• **Your objective**
The job is to output each record again, character for character.
☆ ☆ ☆ ☆
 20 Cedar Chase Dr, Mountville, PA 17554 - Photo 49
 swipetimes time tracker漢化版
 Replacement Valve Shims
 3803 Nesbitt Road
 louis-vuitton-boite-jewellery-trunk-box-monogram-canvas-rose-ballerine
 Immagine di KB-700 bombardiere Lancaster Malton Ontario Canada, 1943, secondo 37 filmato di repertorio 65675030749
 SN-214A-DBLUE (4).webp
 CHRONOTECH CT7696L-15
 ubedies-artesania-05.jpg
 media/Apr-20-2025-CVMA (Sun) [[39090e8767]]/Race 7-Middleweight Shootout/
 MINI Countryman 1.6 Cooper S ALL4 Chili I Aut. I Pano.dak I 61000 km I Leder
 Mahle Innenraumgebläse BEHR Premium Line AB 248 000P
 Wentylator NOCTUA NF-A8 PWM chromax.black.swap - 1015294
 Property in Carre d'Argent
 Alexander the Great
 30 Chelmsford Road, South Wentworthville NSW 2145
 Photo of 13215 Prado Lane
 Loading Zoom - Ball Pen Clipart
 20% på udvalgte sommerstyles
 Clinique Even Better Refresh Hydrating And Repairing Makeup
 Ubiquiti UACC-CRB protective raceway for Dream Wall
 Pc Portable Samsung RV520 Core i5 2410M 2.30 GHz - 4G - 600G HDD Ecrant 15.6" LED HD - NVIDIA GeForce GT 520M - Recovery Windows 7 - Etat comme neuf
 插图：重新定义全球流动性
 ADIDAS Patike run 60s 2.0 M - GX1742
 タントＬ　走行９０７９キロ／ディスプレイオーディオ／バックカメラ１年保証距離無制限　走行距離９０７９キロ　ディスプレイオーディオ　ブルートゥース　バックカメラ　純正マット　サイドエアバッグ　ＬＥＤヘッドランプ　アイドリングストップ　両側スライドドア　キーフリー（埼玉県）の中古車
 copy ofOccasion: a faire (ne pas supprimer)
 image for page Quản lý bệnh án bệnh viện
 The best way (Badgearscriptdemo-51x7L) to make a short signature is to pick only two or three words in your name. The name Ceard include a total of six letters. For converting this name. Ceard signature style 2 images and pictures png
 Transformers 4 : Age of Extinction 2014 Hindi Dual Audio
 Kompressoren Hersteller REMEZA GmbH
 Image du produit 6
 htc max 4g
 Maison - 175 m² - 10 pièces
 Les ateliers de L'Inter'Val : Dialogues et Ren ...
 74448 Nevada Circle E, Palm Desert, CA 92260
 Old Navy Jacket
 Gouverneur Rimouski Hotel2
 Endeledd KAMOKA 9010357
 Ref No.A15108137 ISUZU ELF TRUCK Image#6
☆ ☆ ☆ ☆
• **The completed task**
 20 Cedar Chase Dr, Mountville, PA 17554 - Photo 49
 swipetimes time tracker漢化版
 Replacement Valve Shims
 3803 Nesbitt Road
 louis-vuitton-boite-jewellery-trunk-box-monogram-canvas-rose-ballerine
 Immagine di KB-700 bombardiere Lancaster Malton Ontario Canada, 1943, secondo 37 filmato di repertorio 65675030749
 SN-214A-DBLUE (4).webp
 CHRONOTECH CT7696L-15
 ubedies-artesania-05.jpg
 media/Apr-20-2025-CVMA (Sun) [[39090e8767]]/Race 7-Middleweight Shootout/
 MINI Countryman 1.6 Cooper S ALL4 Chili I Aut. I Pano.dak I 61000 km I Leder
 Mahle Innenraumgebläse BEHR Premium Line AB 248 000P
 Wentylator NOCTUA NF-A8 PWM chromax.black.swap - 1015294
 Property in Carre d'Argent
 Alexander the Great
 30 Chelmsford Road, South Wentworthville NSW 2145
 Photo of 13215 Prado Lane
 Loading Zoom - Ball Pen Clipart
 20% på udvalgte sommerstyles
 Clinique Even Better Refresh Hydrating And Repairing Makeup
 Ubiquiti UACC-CRB protective raceway for Dream Wall
 Pc Portable Samsung RV520 Core i5 2410M 2.30 GHz - 4G - 600G HDD Ecrant 15.6" LED HD - NVIDIA GeForce GT 520M - Recovery Windows 7 - Etat comme neuf
 插图：重新定义全球流动性
 ADIDAS Patike run 60s 2.0 M - GX1742
 タントＬ　走行９０７９キロ／ディスプレイオーディオ／バックカメラ１年保証距離無制限　走行距離９０７９キロ　ディスプレイオーディオ　ブルートゥース　バックカメラ　純正マット　サイドエアバッグ　ＬＥＤヘッドランプ　アイドリングストップ　両側スライドドア　キーフリー（埼玉県）の中古車
 copy ofOccasion: a faire (ne pas supprimer)
 image for page Quản lý bệnh án bệnh viện
 The best way (Badgearscriptdemo-51x7L) to make a short signature is to pick only two or three words in your name. The name Ceard include a total of six letters. For converting this name. Ceard signature style 2 images and pictures png
 Transformers 4 : Age of Extinction 2014 Hindi Dual Audio
 Kompressoren Hersteller REMEZA GmbH
 Image du produit 6
 htc max 4g
 Maison - 175 m² - 10 pièces
 Les ateliers de L'Inter'Val : Dialogues et Ren ...
 74448 Nevada Circle E, Palm Desert, CA 92260
 Old Navy Jacket
 Gouverneur Rimouski Hotel2
 Endeledd KAMOKA 9010357
 Ref No.A15108137 ISUZU ELF TRUCK Image#6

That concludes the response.